En las restantes bienaventuranzas sigue enseñándonos el Señor qué espera de cada uno de nosotros si nos decidimos a permanecer en su amor y gozo. Seguirle con "corazón limpio" es condición indispensable para conocerle, siempre de alegría en alegría, hasta llegar a contemplarlo cara a cara un día en el esplendor de su gloria (Mt 5, 8). Y, puesto que vivimos solamente por gracia de la bondad y misericordia de Dios, debemos ser "bondadosos y misericordiosos" para colaborar en la edificación de un mundo nuevo ("poseer la tierra", Mt 5, 5) y conseguir misericordia (Mt 5, 7). Si apreciamos el nombre glorioso de "hijos de Dios", seamos "heraldos de paz" (Mt 5, 9) para todos los hombres, nuestros hermanos. Santificados por la gracia del Señor, hemos de tener un celo ardiente ("hambre y sed") por la justicia de Dios para quedar saciados (Mt 5, 6) en la fuente de la salvación.

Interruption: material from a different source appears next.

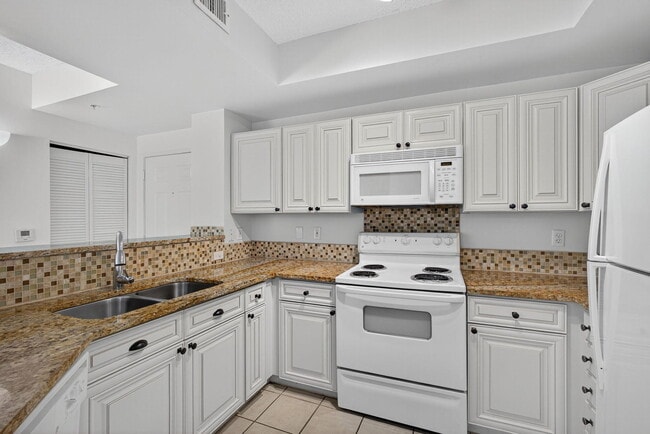 Building Photo - 720 S Sapodilla Ave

"Bienaventurados los que padecen persecución por la justicia, porque de ellos es el reino de los cielos" (Mt 5, 10). Si sufrimos por amor del Señor y con el Señor persecuciones y calumnias, dispuestos a soportarlo todo por su causa, viviremos en la alegre esperanza de una rica recompensa (Mt 5, 11); solamente acompañando al Señor en su camino de cruz y pasión podremos celebrar gozosos la fiesta de la resurrección.

 

II. LA LEY DE CRISTO A LA LUZ DEL MISTERIO PASCUAL

Antes de que el Señor anunciase a Pedro, Juan y Santiago su pasión y les permitiera convivir su amarga soledad de Getsemaní, les manifestó la magnificencia de su gloria. A la primera predicción de su subida a Jerusalén para padecer (Mt 16, 21), había precedido la confesión de Pedro, sugestionado por la persona y milagros del Maestro: "¡Tú eres el Cristo, el Hijo de Dios vivo!" (Mt 16, 16). El segundo anuncio de la pasión (Mt 17, 22) está dominado igualmente por las impresiones de la transfiguración en el Tabor (Mt 17, 1-9 y paralelos). La invitación de Jesús a seguirle, incluso en el camino del dolor, podrá ser respondida cuando firmemente creamos y aceptemos el misterio de la resurrección y glorificación de Cristo. La vida cristiana tiene su fuente de alegría, su libertad y su grandeza en el misterio de la pascua del Señor, en la glorificación del Crucificado.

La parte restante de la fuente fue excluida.